These were among the key findings of “State of Virtual Events,” a study jointly sponsored and conducted by BtoB and virtual events provider UBM Studios, a United Business Media company. The study tracked the use of a variety of virtual events—including almost any communications or marketing interaction over the Internet involving audio and/or video.
The study was based on a survey conducted online in October, with 501 executives, directors and managers responding. It found not only that management is overwhelmingly (96%) knowledgeable about virtual events, but that corporate commitment to the channel is increasing.
“This year was the year of the virtual event,” said Kate Spellman, senior VP-managing director of UBM Studios. “I believe we're at a tipping point with this channel, that we've made the jump from merely virtual events to virtual business solutions.”
Fifty percent of survey respondents said they planned to increase their involvement with virtual events this year, while 48% planned to maintain their current commitment to the channel. Sixty percent said they planned to boost their use of virtual events next year.
Nearly two-thirds of respondents (63%) view virtual events as innovative marketing and communications vehicles, while 57% tout their ability to reduce sales and marketing costs.
“It's an interactive marketing environment, with social networking, blogging and community-targeted advertising,” Spellman said. “That's why we'll see virtual events grow. It's bringing all this interactivity together.”
Marketers strongly embrace webinars, with 71% of respondents currently using or considering using them. Internal learning, education and training (65%) also are popular uses for virtual events, with sales and board meetings (32%) and focus groups (23%) also used by many marketers.

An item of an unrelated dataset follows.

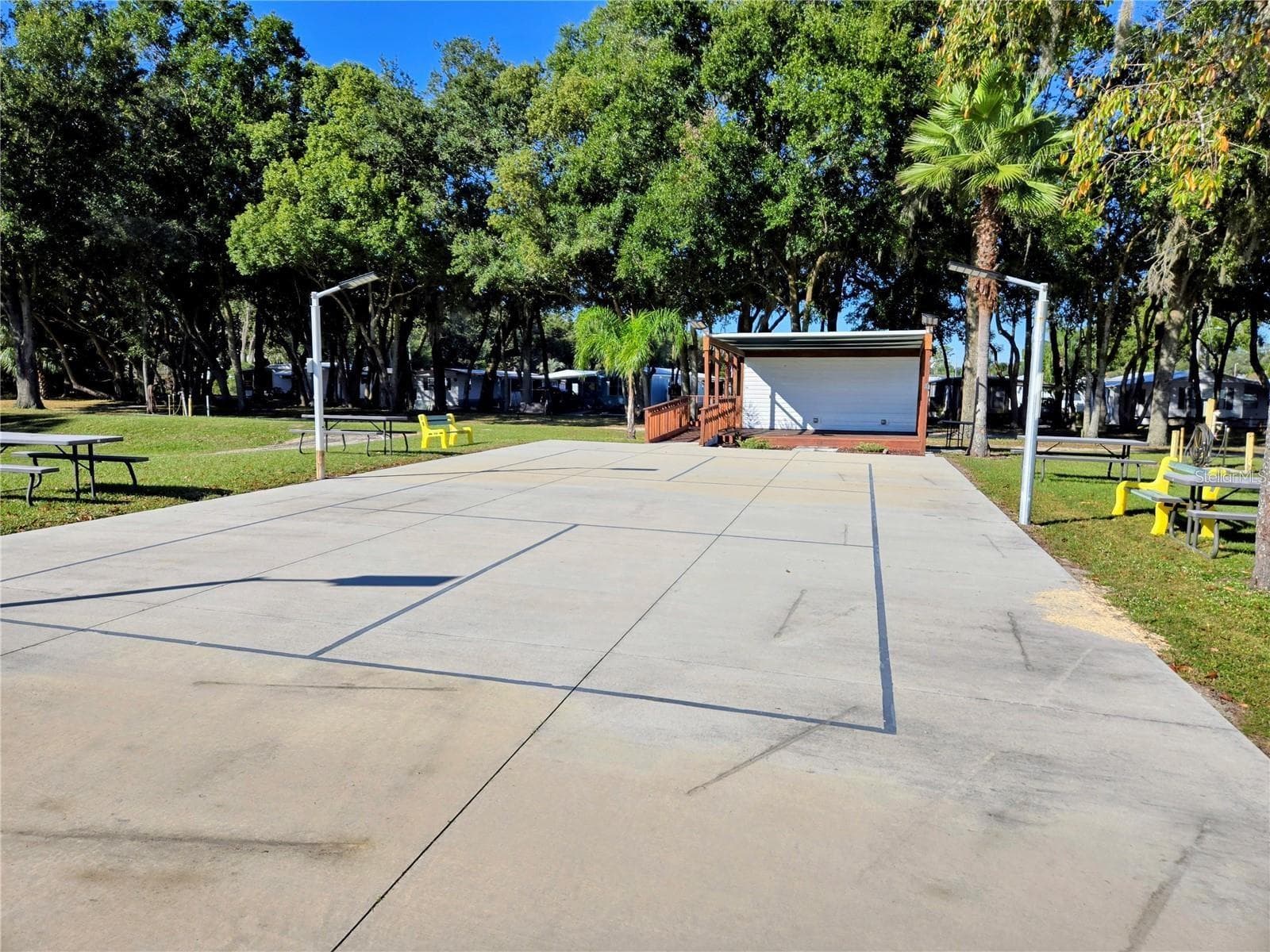 Manufactured Home at 39326 RECESS DR, ZEPHYRHILLS, photo 32 of 33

However, a supposed strength of webinars—the ability to record them for later viewing—was found to have a relatively minimal impact on audience participation. Fewer than one-fifth of respondents reported increased viewership of their on-demand webinar presentations.
“There's something appealing about attending a live webinar, knowing it's happening right now and that you can interact with the speakers,” said Aaron Spetner, president of Spetnik Solutions, a website design and communications company and a respondent to the survey. “If it's not live, even if it's interesting, I just put off watching it.”
Thirty-five percent of respondents said the strength of virtual events lies in their being staged simultaneously with a live event. “Virtual events simultaneous with live events are great,” Spetner said. “If I can't go to the live event, I'll look over the schedule and tune in to what interests me.”
While marketers are intrigued by virtual events as innovative marketing and communications vehicles, there is an abiding sense that they result in a loss of the “personal touch”; 54% of respondents indicated this loss of face-to-face experiences was an obstacle to their using virtual events.
Forty-four percent of respondents said they worry about the prospect of poor attendance at virtual events, citing the still-emerging nature of the events as contributing to “a lack of acceptance in the market.”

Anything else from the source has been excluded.